Canon EOS Digital Rebel XT (Black) (http://www.bhphotovideo.com/bnh/controller/home?O=cart&A=details&Q=&sku=371189&is=REG)
Canon USA Normal EF 50mm f/1.8 II Autofocus Lens (http://www.bhphotovideo.com/bnh/controller/home?O=cart&A=details&Q=&sku=12142&is=USA)
Canon Zoom Wide Angle-Telephoto EF 28-105mm f/3.5-4.5 II USM Autofocus Lens (http://www.bhphotovideo.com/bnh/controller/home?O=cart&A=details&Q=&sku=206434&is=USA)
Petal Lens Hood for above Lens (http://www.bhphotovideo.com/bnh/controller/home?O=cart&A=details&Q=&sku=162031&is=REG)
I also picked up a Tungsten 3 piece light kit that I saw in a thread here, along with a Canon backpack, 4gb CF Card, and basic tripod.

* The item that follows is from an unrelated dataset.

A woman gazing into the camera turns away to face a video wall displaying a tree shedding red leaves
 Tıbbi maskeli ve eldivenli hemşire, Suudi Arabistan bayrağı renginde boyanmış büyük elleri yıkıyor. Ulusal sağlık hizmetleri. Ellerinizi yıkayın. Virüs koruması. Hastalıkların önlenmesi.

I am truly a camera noob, but I hopefully made some good decisions. Much of the above stuff was recommended to me here, but some was not. So... thoughts?

Rich

Stime187
11-29-2007, 07:19 PM
That sounds like some pretty good stuff. You might consider picking up a remote release at some point. But otherwise, I think you're set.

Congrats!

Now shoot something and post it!

Colorblinded
11-29-2007, 07:24 PM
I motion for a name change, that's not the nifty fifty, that's the thrifty fifty. It's gotta be a 1.4 to be nifty! :lol:

Any better and it's a fancy fifty.

Colonel Lingus
11-29-2007, 07:33 PM
Updated. Also, I got a discount on the whole order. My company actually sells products through B&H, so I made a few calls. I ended up getting 8% off the whole order. I wont complain.

Colonel Lingus
11-29-2007, 07:34 PM
That sounds like some pretty good stuff. You might consider picking up a remote release at some point. But otherwise, I think you're set.

Congrats!

Now shoot something and post it!


The only other items I anticipate "needing" would be the IR remote, as well as the battery pack for a fuller feel. I figured I would toss around the regular XT body for a while, to see how it fared.

Colonel Lingus
11-29-2007, 07:35 PM
...Guess I should not impulsively post. The entire shipment will arrive tomorrow, so I will get to play around with it all weekend. I am looking forward to getting a feel for it, and see if I can produce something that doesn't look like crap on a stick.

Stime187
11-29-2007, 07:45 PM
as well as the battery pack for a fuller feel. I figured I would toss around the regular XT body for a while, to see how it fared.


I've never understood why so many people want/have the battery pack add-on. My battery rarely dies (I have spares) and it just adds weight/bulk to the camera.. plus its a couple hundred bucks more. But hey, if you want it, go for it.

subimatt
11-29-2007, 07:57 PM
Congrats! I own/ owned most of that stuff, so if you have any questions... you know.. ask.

Stime187
11-29-2007, 08:02 PM
Congrats! I own/ owned most of that stuff, so if you have any questions... you know.. ask.


Same here. I actually still own most of it.

tardypizza
11-29-2007, 08:24 PM
First off, you're gonna love your purchase. Good choices.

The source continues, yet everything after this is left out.